Мне хочется взглянуть на погибшего жениха, но в рамке под стеклом на месте его фотографии — белый пустой прямоугольник. Рядом новый портрет тети Тасиной племянницы. Когда эта девица была еще девочкой, она жила вместе с двумя двоюродными сестрами, такими же тети Тасиными племянницами, в деревне, и тетя Тася была им вместо матери. Тогда была война, и это чего-нибудь да стоит — возиться с тремя малыми детьми и работать в колхозе. Когда холоднолицая Люс приехала в деревню, ей было шесть месяцев, и никто не называл ее тогда холоднолицей, а когда она уезжала, ей исполнилось девять лет, и никто не думал, что она вырастет холоднолицей.

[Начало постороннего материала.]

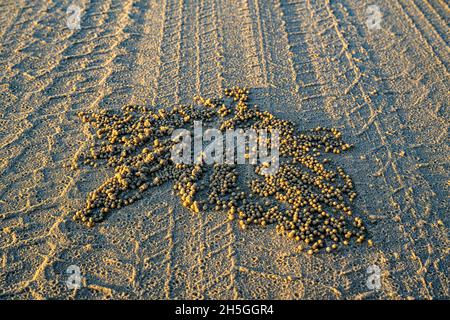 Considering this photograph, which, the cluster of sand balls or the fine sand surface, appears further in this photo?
the cluster of sand balls

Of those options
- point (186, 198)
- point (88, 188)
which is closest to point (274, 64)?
point (186, 198)

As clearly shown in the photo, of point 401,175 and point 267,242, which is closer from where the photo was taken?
point 267,242

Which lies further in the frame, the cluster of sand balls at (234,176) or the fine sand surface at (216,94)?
the cluster of sand balls at (234,176)

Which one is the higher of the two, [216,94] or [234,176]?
[216,94] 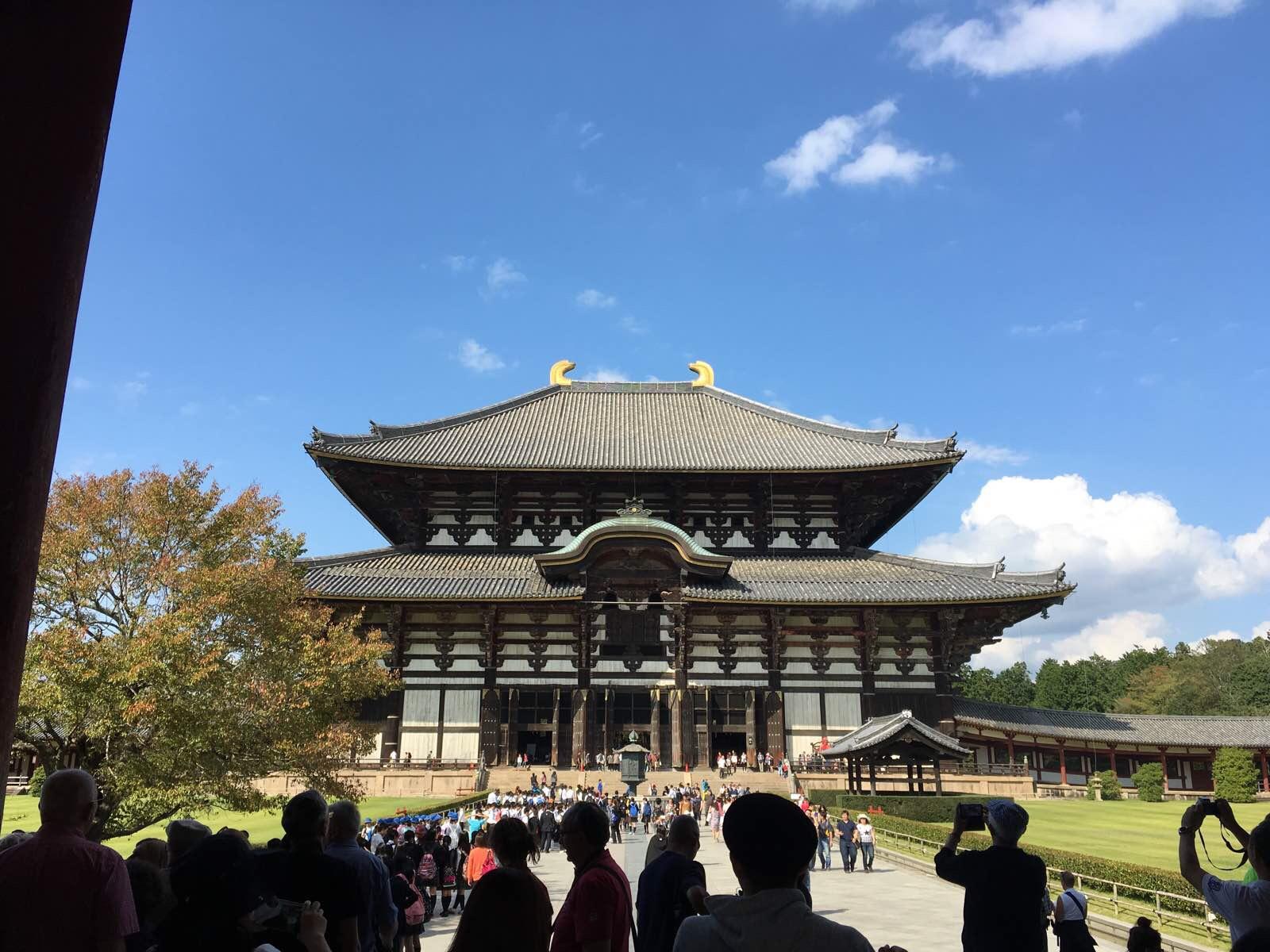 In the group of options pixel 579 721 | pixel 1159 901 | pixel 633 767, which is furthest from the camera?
pixel 579 721

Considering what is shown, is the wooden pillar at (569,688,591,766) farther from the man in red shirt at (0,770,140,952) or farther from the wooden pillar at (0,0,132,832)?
the wooden pillar at (0,0,132,832)

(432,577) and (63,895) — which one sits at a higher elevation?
(432,577)

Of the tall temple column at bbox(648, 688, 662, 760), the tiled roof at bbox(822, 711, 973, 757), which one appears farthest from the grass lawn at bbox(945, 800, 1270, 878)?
the tall temple column at bbox(648, 688, 662, 760)

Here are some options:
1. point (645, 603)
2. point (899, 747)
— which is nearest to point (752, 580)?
point (645, 603)

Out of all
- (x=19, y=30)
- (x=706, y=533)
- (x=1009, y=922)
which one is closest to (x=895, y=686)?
(x=706, y=533)

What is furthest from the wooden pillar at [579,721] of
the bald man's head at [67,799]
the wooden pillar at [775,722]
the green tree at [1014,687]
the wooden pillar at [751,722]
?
the green tree at [1014,687]

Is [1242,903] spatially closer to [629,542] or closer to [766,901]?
[766,901]

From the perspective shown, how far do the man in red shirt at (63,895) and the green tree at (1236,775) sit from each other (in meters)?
47.2

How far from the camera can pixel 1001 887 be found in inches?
205

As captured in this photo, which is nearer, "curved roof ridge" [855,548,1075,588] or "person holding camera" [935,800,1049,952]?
"person holding camera" [935,800,1049,952]

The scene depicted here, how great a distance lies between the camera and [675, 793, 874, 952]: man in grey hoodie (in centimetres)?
271

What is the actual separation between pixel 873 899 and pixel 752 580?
21.0m

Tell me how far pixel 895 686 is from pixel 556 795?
14412 mm

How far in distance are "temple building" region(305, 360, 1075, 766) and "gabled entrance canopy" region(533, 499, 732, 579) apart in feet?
0.30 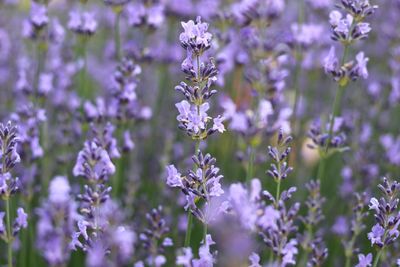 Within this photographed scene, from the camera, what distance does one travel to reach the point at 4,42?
4977mm

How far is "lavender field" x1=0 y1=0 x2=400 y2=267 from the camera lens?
2488 millimetres

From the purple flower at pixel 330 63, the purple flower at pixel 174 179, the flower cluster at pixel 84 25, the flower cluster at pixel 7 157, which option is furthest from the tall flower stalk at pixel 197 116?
the flower cluster at pixel 84 25

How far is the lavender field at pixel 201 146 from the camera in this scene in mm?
2488

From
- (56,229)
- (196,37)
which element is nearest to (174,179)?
(196,37)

Теперь Люся — секретарша и машинистка, она живет в большом городе и знает толк в кое-каких вопросах городской культуры и морали. Раз в год она приезжает в отпуск пить парное молоко, ходить по грибы, играть с деревенскими мальчишками в круговую лапту и привозит тете Тасе свои новые фотографии.
Одна из них висит на том самом месте, где много лет сидел-посиживал на венском стуле и раскуривал свою долгую папиросу парень в пилотке. У фотографии была сво история, своя история была у венского стула, у этой солдатской папиросы, потому что была война, и сидел покуривал этот солдат, может быть, после боя, может, перед боем, и, может быть, были на десять солдат один венский стул, одна мирная роскошная папироса и один мирный районный фотограф, и каждый из десяти хотел предстать перед далекой родней, перед далекими девушками в наилучшем виде, в полном благополучии и процветании.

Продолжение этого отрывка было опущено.